Panel prescribes major fixes for aging U.S. power grid

Source: Nathanael Massey, E&E reporter • Posted: Thursday, October 31, 2013

Today, everything from bank receipts to the batting averages of baseball players can be coded into megabytes and lines of data. Yet in the United States, the basic infrastructure that underpins these systems — the grid that feeds them with electrons — remains largely untouched by the computerization boom of the past half-century.

As new technologies emerge, however, the grid is being dragged, slowly, into the digital age, according to experts who spoke yesterday at a forum convened by the Information Technology and Innovation Foundation.

“I see direct technology changes coming and an impact from those changes that culminates in a fundamental change to the business model” of power providers, said John Jimison, managing director of the Energy Future Coalition (EFC). “But it’s going to be driven by the technology.”

The recent boom in telecommunications technology holds particular promise for the smart grid, he said. Most of the next-generation grid systems envisioned or being piloted around the country rely on different aspects of the system being able to “talk” to each other, or on operators and consumers having more direct, time-based control over their respective interactions with the grid.

A wholesale retrofit of the power grid, which many experts believe is long overdue, would mean big business for the telecommunications industry, Jimison said.

More destructive weather lends urgency

“The electric utility industry is going to be a big, if not the biggest, customer of the telecommunications industry,” he said. “We’re talking about potentially trillions in investments to bring this equipment and technology to the meter.”

New technology may be pulling the power grid into the 21st century, but other forces are pushing from behind, as well. State and federal renewable energy mandates have compelled many utilities to carve out space in their power portfolios for a variable power supply from solar and wind, while extreme weather events have lent urgency to making the power grid more physically resilient.

“When we think about the technologies we want to integrate into the power grid, the first desired outcome is going to be reducing the impact of outages,” said David Malkin, manager of government affairs and policy at GE Digital Energy. The grid will also need to be capable of integrating power supplies from distributed, smaller-scale resources, he said.

A smarter, more computerized grid should aim for a number of different capabilities, he added. It will need to find, isolate and restore localized problems before they can spread. When part of the grid fails, power may need to be redirected from or to adjacent areas, a process known in the industry as automated circuit reconfiguration.

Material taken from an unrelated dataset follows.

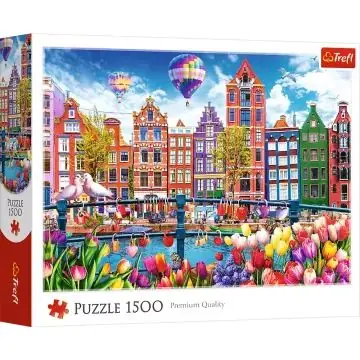 Trefl Színes Amszterdam puzzle - 1500 darabos Olcsóbb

Utilities and consumers adjust

Perhaps most importantly, from an energy efficiency standpoint, operators will need a grid that can optimize consumer demand, Malkin said.

“We should expect that in the future, customers will be far more active in their own monitoring and consumption of energy than they have been in the past,” he said. Much of that changing relationship is driven by the same technology that is currently transforming the grid, he said — devices like smart meters that provide near real-time feedback about customer energy use.

“We know that utility customers who have feedback [on their energy use] drop their usage on their own by 6 percent, without additional incentives,” said Phil Davis, a senior manager of smart grid solutions at Schneider Electric SA. “Energy use becomes meaningful, whether it’s switching off a light bulb or turning off a thermostat. You think about it more, but it doesn’t mean sacrificing comfort.

Those behavioral changes, along with increasing adoption of renewable generation by both residential and commercial customers, will likely force businesses to alter their basic revenue models of selling electrons at a fixed volumetric price, panelists said.

“We’re going to bring competitive forces to areas once dominated by monopolies,” said EFC’s Jimison. “It’s going to be a challenge for utilities and regulators to keep up to date with what’s going on in the market.”